#### Extracted data entries
..........

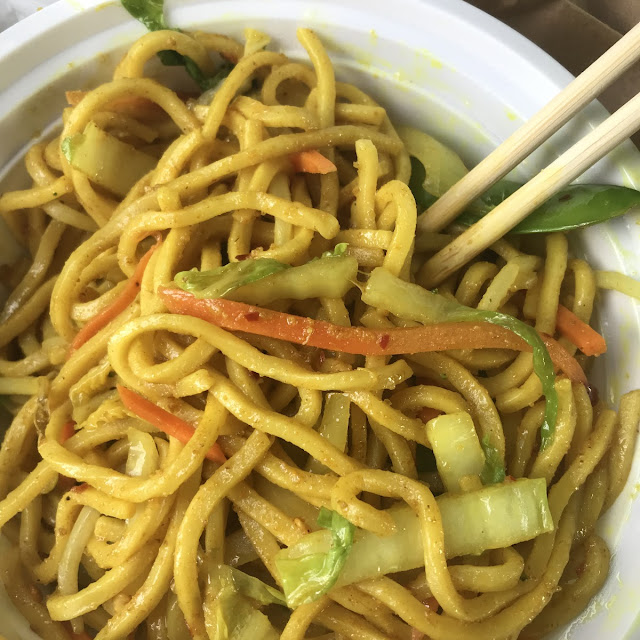 Curry Lo-Mein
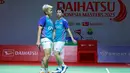 Usai interval, keunggulan poin Marcus Fernaldi Gideon/Kevin Sanjaya Sukamuljo tetap terjaga hingga mampu menutup game pertama dengan skor 21-17. (Bola.com/M Iqbal Ichsan)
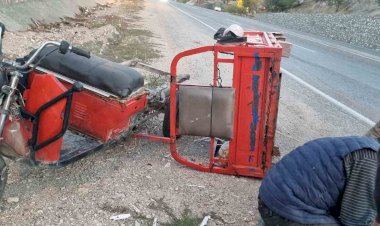 Sepetli motosiklet devrildi: 1 yaralı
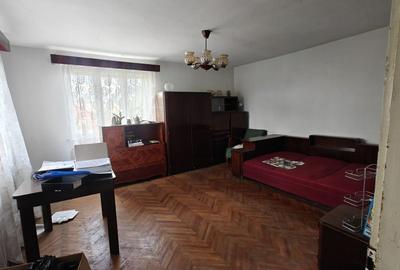 Casă individuală cu 3 camere cu Canalizare în Gruia - 3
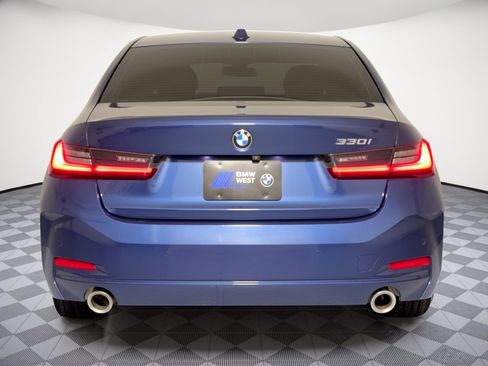 Certified 2024 BMW 330i Sedan w/ Convenience Package RWD image 11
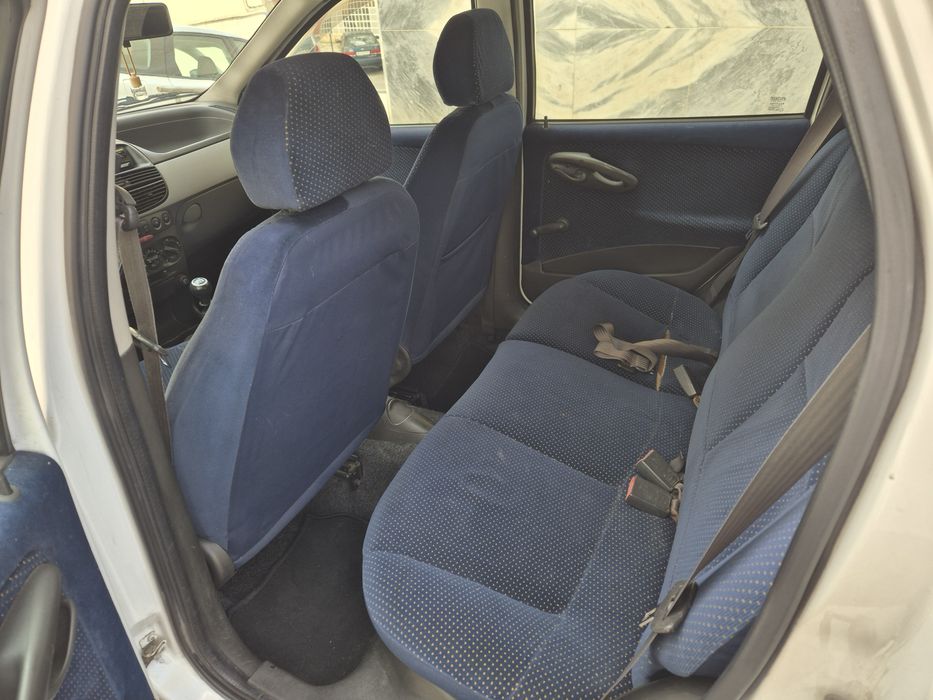 Punto 1.2 80cv ano 2001  com A/C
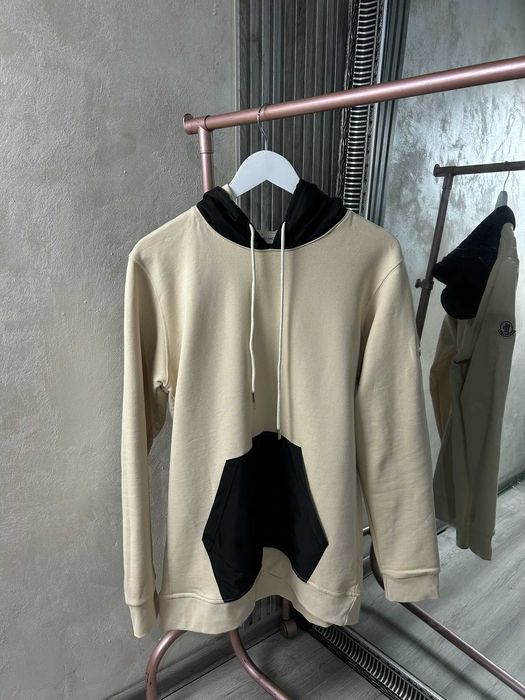 Мъжки блузи и суичери в бял цвят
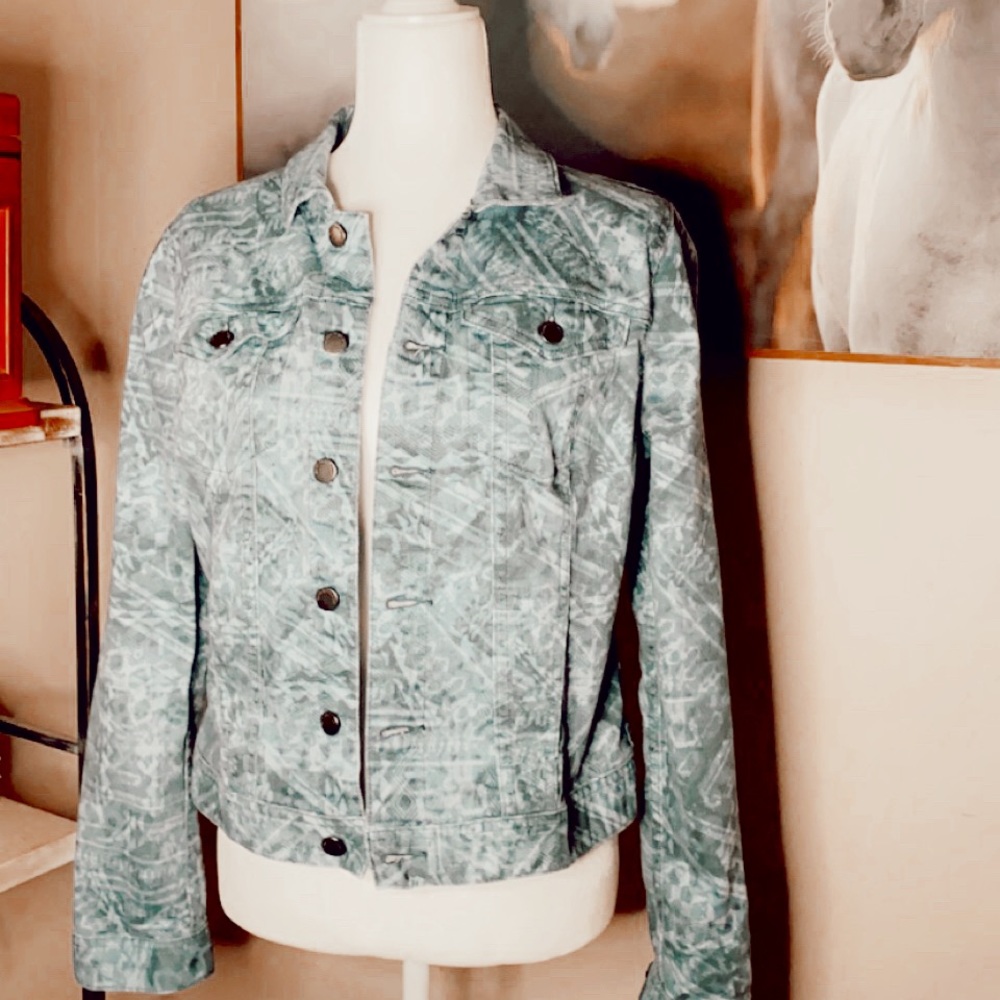 calvin klein jeans || blue patterned jean jacket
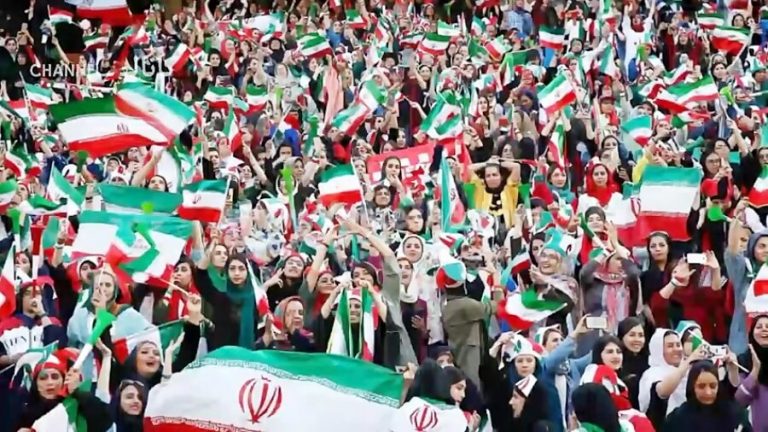 زهرا خواجوی:در ورزشگاه آزادی نه زنی آزار دید و نه اتفاق بدی افتاد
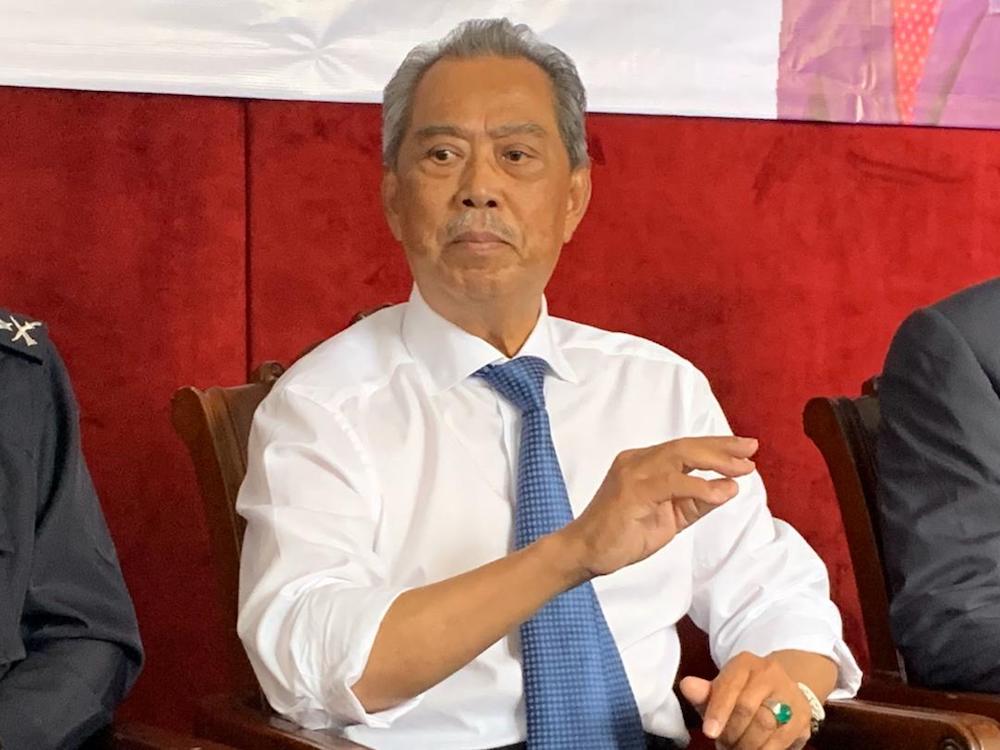 Home Minister Tan Sri Muhyiddin Yassin said the authorities will conduct an in-depth investigation into the distribution of a comic book to educational institutions including schools. u00e2u20acu201d Picture by Ben Tan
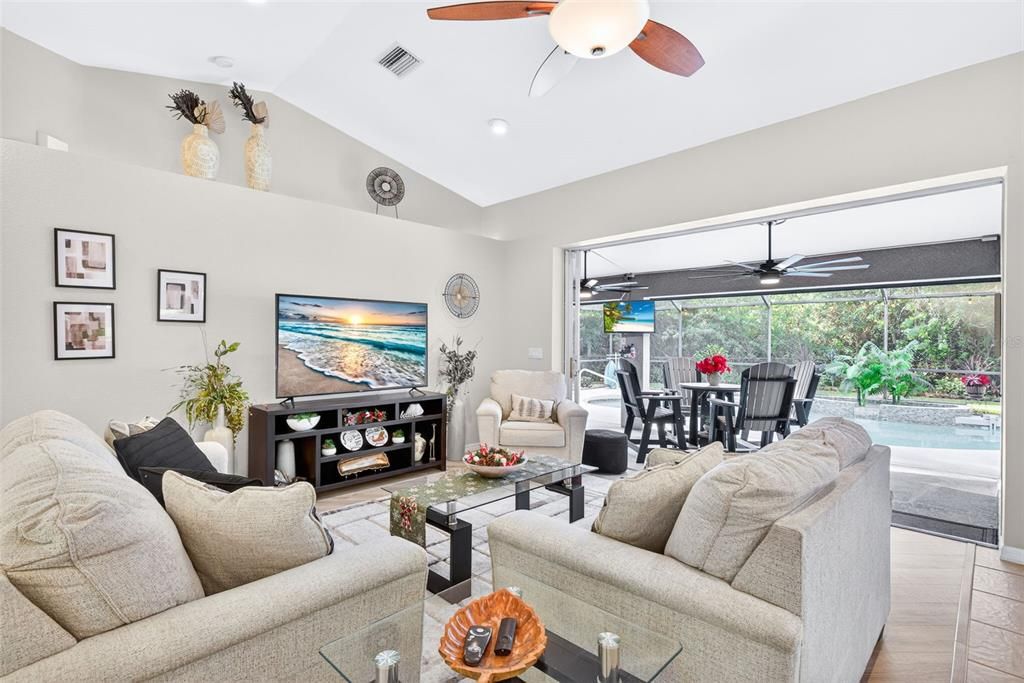 En Venta: $536,900 (3 camas, 2 baños, 1922 Pies cuadrados)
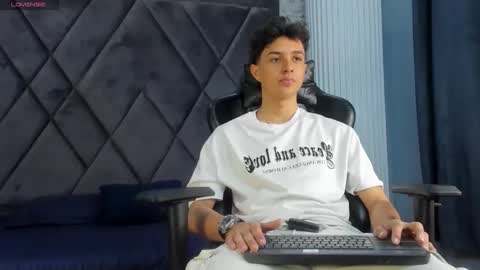 ethanlowell online show from March 31, 2026, 8:53 pm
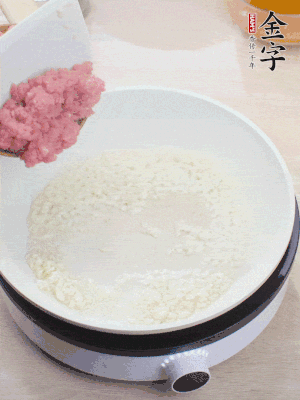 下火腿片、筍干均勻翻炒后，加2勺料酒、適量清水。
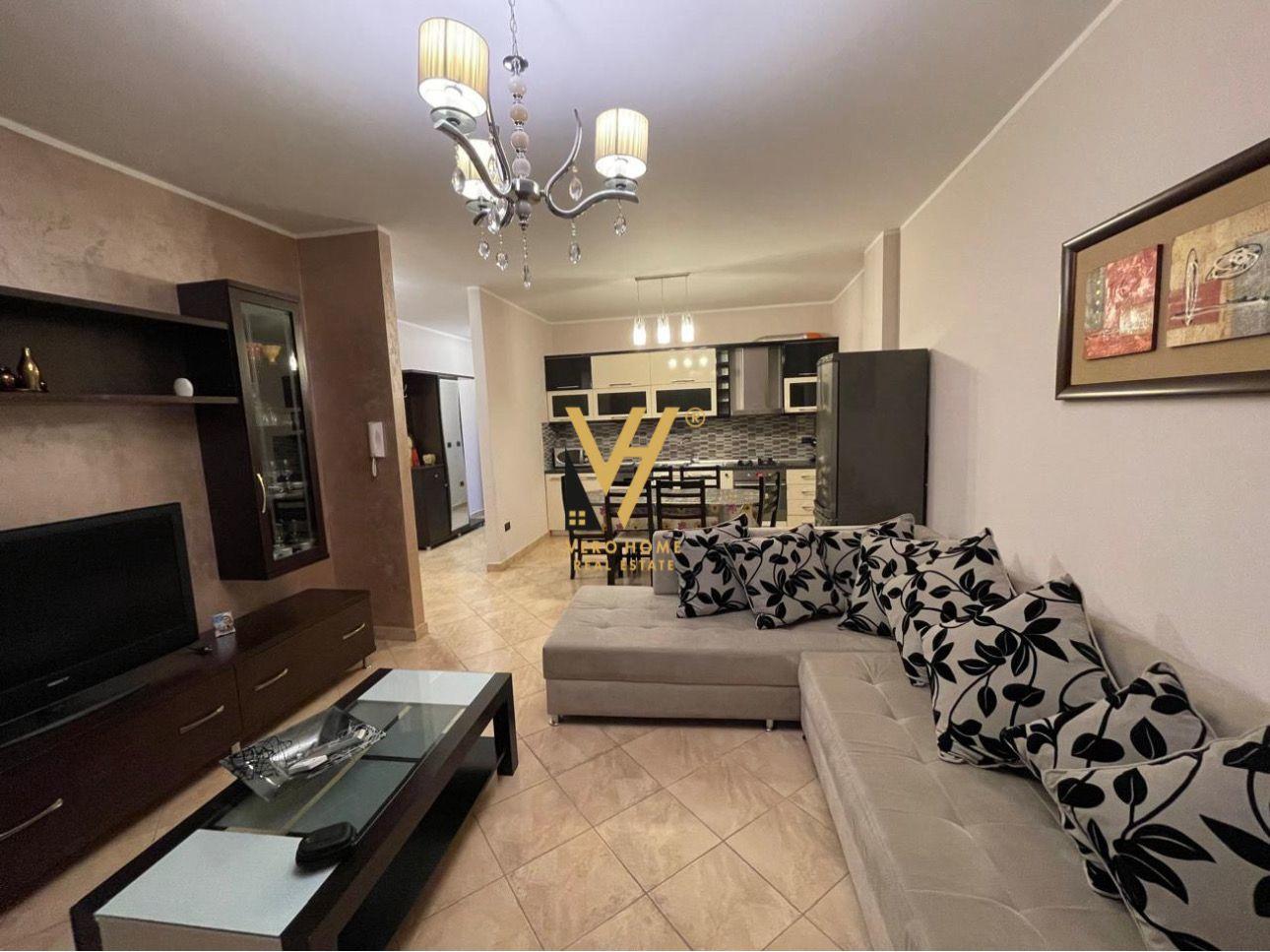 JEPET APARTAMENT 2+1 ME QERA ISH PROFARMA 70.000 LEKE – Tiranë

..........

From the first line of the entries down to the line with "Home Minister Tan", print each line exactly; omit any picture.

#### OUTPUT OF THE TASK
 Curry Lo-Mein
 Usai interval, keunggulan poin Marcus Fernaldi Gideon/Kevin Sanjaya Sukamuljo tetap terjaga hingga mampu menutup game pertama dengan skor 21-17. (Bola.com/M Iqbal Ichsan)
 Sepetli motosiklet devrildi: 1 yaralı
 Casă individuală cu 3 camere cu Canalizare în Gruia - 3
 Certified 2024 BMW 330i Sedan w/ Convenience Package RWD image 11
 Punto 1.2 80cv ano 2001  com A/C
 Мъжки блузи и суичери в бял цвят
 calvin klein jeans || blue patterned jean jacket
 زهرا خواجوی:در ورزشگاه آزادی نه زنی آزار دید و نه اتفاق بدی افتاد
 Home Minister Tan Sri Muhyiddin Yassin said the authorities will conduct an in-depth investigation into the distribution of a comic book to educational institutions including schools. u00e2u20acu201d Picture by Ben Tan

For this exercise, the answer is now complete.